Un mes después de que Alexa se fue

 

El tiempo dejó de significar algo para Daniel. Los días pasaban sin que los sintiera, como si su cuerpo se moviera por inercia mientras su mente quedaba atrapada en un vacío interminable. Había dejado de hablar. Había dejado de preguntar. La primera semana insistió, intentó arrancar respuestas de la gente a su alrededor, pero solo obtuvo miradas esquivas, excusas y el mismo silencio asfixiante. Al final, se rindió.

 

Pero rendirse no significaba descanso. Porque aunque su cuerpo estuviera al borde del colapso, su padre no permitió que se detuviera. La ausencia de Alexa dejó un vacío que alguien tenía que llenar, y Daniel, como heredero, se convirtió en la única opción. Desde el amanecer hasta que el sol se ocultaba, su vida se redujo a entrenamientos brutales, órdenes cortantes y una disciplina implacable. Su padre no mostraba ni un rastro de compasión. No hubo palabras de aliento. No hubo pausas. Solo golpes, caídas, heridas y la inquebrantable exigencia de que se levantara cada vez que su cuerpo se rendía.

 

Cada día era una batalla contra el agotamiento, contra el hambre, contra el dolor de sus músculos desgarrados. Pero nada de eso dolía tanto como el vacío en su pecho. Nada dolía tanto como el silencio de Alexa.

 

Las noches eran aún peores. Antes, cuando las pesadillas lo asfixiaban, Alexa estaba ahí. Su voz, su presencia, su simple existencia lo anclaban a la realidad. Pero ahora… ahora despertaba empapado en sudor, con el corazón martillándole el pecho, y solo el eco de su respiración llenaba la habitación oscura.
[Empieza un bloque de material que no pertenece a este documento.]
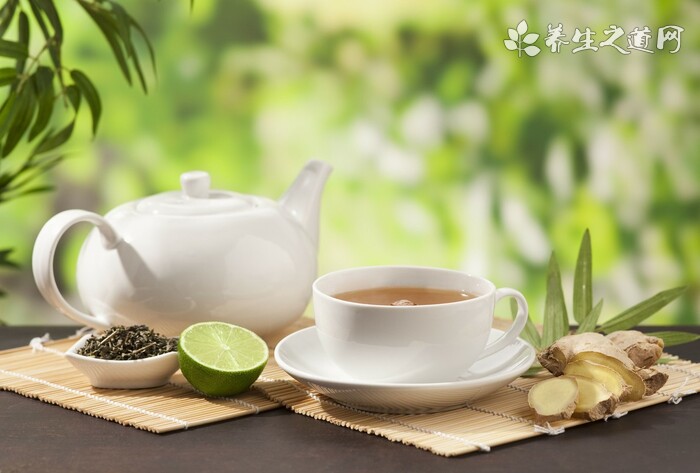 云南新增2例緬甸輸入確診 茶葉能預(yù)防新型冠狀病毒嗎
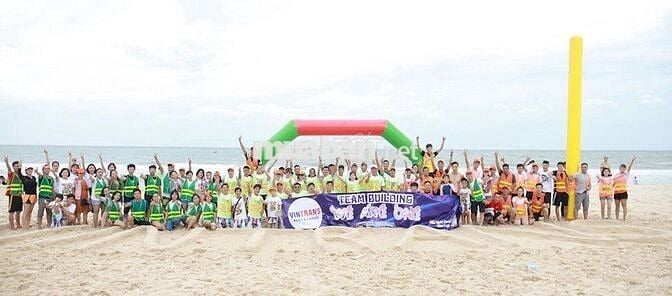 TUYỂN NHÂN VIÊN KHO-TẠI BƯU CỤC BẾN LỨC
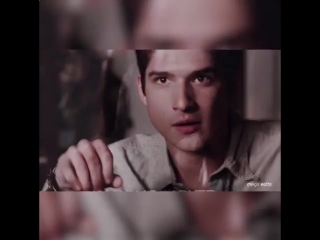 Vines tyler posey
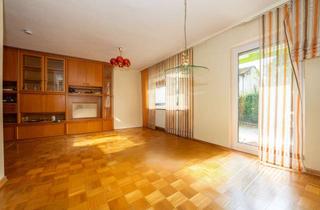 Haus kaufen in 85625 Glonn, Küss mich wach & mach mich zum Traumhaus!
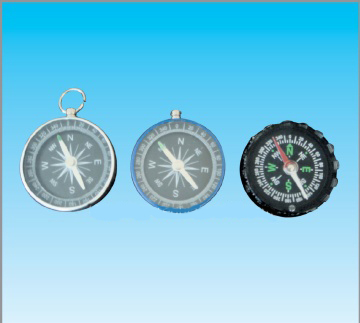 compass 23009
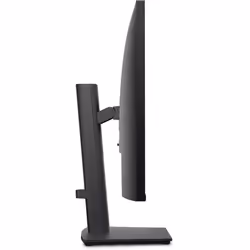 DELL Pro E2726HS Monitor PC 68,6 cm (27") 1920 x 1080 Pixel Full HD LCD Nero - Vista aggiuntiva 4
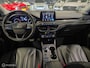 Ford Focus 1.0 EcoBoost 125pk automaat Vignale zeer luxe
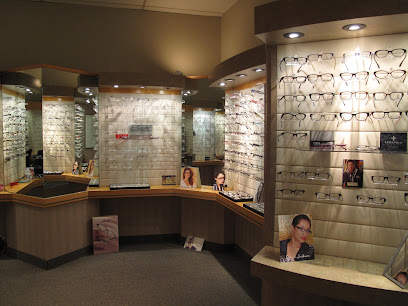 Milton Family Eye Care- Dr. Susan Jany & Associates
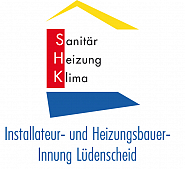 Installateur- und Heizungsbauer-Innung Lüdenscheid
Intentaba cerrar los ojos, intentaba respirar hondo, intentaba convencerse de que todo estaba bien, pero su cuerpo no le creía. Y el sueño nunca regresaba.

 

Después de un mes sin descanso, sin consuelo, sin tregua, su mente comenzó a romperse. Caminaba como un fantasma entre la gente, arrastrando los pies, sintiendo que su piel era solo una prisión vacía. Su madre intentó hablarle. Su padre le ordenó que se concentrara. Pero él no tenía nada que decirles. No tenía nada en absoluto.

 

Aquella noche, la desesperación fue insoportable. Sin pensarlo, sin importarle nada más, corrió. Corrió lejos del castillo, lejos de los muros que lo asfixiaban, lejos de las miradas que no le daban respuestas. Sus pies lo llevaron al bosque, a ese mismo bosque donde antes corría con Alexa, donde reían, donde ella lo protegía de sus miedos.

 

Pero ahora el bosque estaba en silencio. Igual que ella.

 

Daniel cayó de rodillas sobre la tierra húmeda, sus manos temblorosas aferrándose a la hierba. Su pecho subía y bajaba en jadeos frenéticos, su respiración entrecortada por la angustia que le estrangulaba la garganta. Y entonces, como si su cuerpo ya no pudiera contenerlo más, golpeó el suelo con los puños. Una vez. Otra vez. Y otra más. Con fuerza, con rabia, con un dolor que no tenía dónde ir. La tierra se abrió bajo sus nudillos ensangrentados, pero él siguió, hasta que sus brazos se debilitaron, hasta que su frente chocó contra el suelo y su voz quebrada se ahogó en la noche.

 

—¿Por qué? —susurró, su voz rota, apenas un eco entre los árboles—. ¿Por qué te fuiste...? ¿Por qué me dejaste solo...?

 

Nadie respondió. Solo el viento, susurrando entre las hojas. Solo la soledad, devorándolo poco a poco.

 

Y por primera vez en un mes, Daniel sollozó. Porque en ese momento entendió que, sin ella, él también se estaba desvaneciendo.